The Council of the European Union finally adopted a 14th package of sanctions on Russia on June 24, further targeting its high-value sectors, including energy and finance. High Representative for Foreign Affairs Josep Borrell called the decision the next “blow to Putin’s regime and those who perpetuate his illegal, unprovoked and unjustified war of aggression against Ukraine.” The package was agreed upon following a month-long debate arising from German objections to some of the suggested measures. Among other measures, the package prohibits reloading of Russian liquified natural gas in EU territory for shipment to countries outside the EU, and outlaws the use of the “System for Transfer of Financial Messages” (SPFS) — Russia’s analogue of the international SWIFT interbank network — to facilitate payments. It also bans EU political parties, non-governmental organizations or media service providers from accepting funding originating from the Russian state and its proxies.

Culture Front.

St. Martin’s Press will release a book of wartime testimonies collected by the late Ukrainian writer and human rights advocate Victoria Amelina in February 2025, the publishing house announced. The volume, “Looking at Women Looking at War - A War and Justice Diary” comprises accounts by Ukrainian women of their experiences since Russia’s invasion in February 2022. Among the heroines are prominent lawyer Evhenia Zakrevska, Nobel Peace Prize laureate Oleksandra Matvhiichuk, and librarian Yuliia Kakulia-Danyliuk, who helped find the war time diary of Volodymyr Vakulenko, a renowned Ukrainian poet who was tortured and murdered by occupying forces. Victoria Amelina, who compiled the volume, was tragically killed last summer, at age 37, in the Russian shelling of a restaurant in Donetsk oblast. As a member of the Ukrainian human rights organization Truth Hounds, she crisscrossed the country to document Russian-perpetrated war crimes. Her debut novel, “The November Syndrome,” was voted among the ten best publications of 2014 in Ukraine.

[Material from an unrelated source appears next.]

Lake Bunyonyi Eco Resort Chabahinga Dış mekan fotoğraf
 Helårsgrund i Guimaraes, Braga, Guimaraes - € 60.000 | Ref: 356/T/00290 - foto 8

Battleground Ukraine: From Independence to the War with Russia, a new book by Ukraine expert Adrian Karatnycky, was released this month. The book covers Ukraine during the period of the country's emergence after the collapse of the Soviet Union and through the current Russian full-scale invasion in 2022. It is the first English-language comprehensive account of Ukraine's recent history by a writer who is thoroughly familiar with Ukraine's identity, international context and the intricacies of Ukraine's cultural and historic contemporary developments.